SUPPLIED DATA:
== == ==
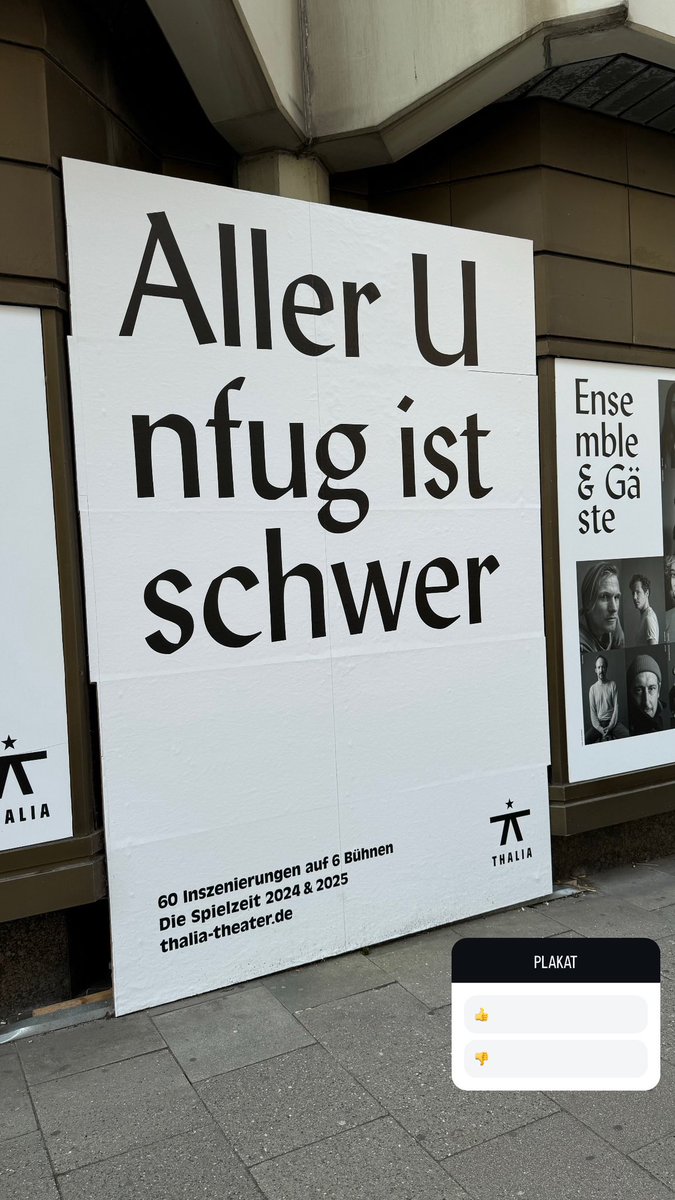 Thalia Theather Plakat: 👍👍👍 #marketing #werbeagentur #design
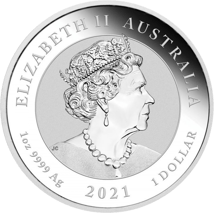 1 Unze Silber Australian Quokka 2021 (Auflage: 30.000)
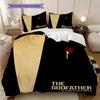 Godfather Legacy Years Power Bedding (1 * duvet cover + 2 * pillowcase, without core) 2D Flat Soft and comfortable Christmas birthday gift Bedding set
== == ==
REQUIRED WORK: Everything in the listing, except its images, should be set down exactly.

WRITTEN RESPONSE:
 Thalia Theather Plakat: 👍👍👍 #marketing #werbeagentur #design
 1 Unze Silber Australian Quokka 2021 (Auflage: 30.000)
 Godfather Legacy Years Power Bedding (1 * duvet cover + 2 * pillowcase, without core) 2D Flat Soft and comfortable Christmas birthday gift Bedding set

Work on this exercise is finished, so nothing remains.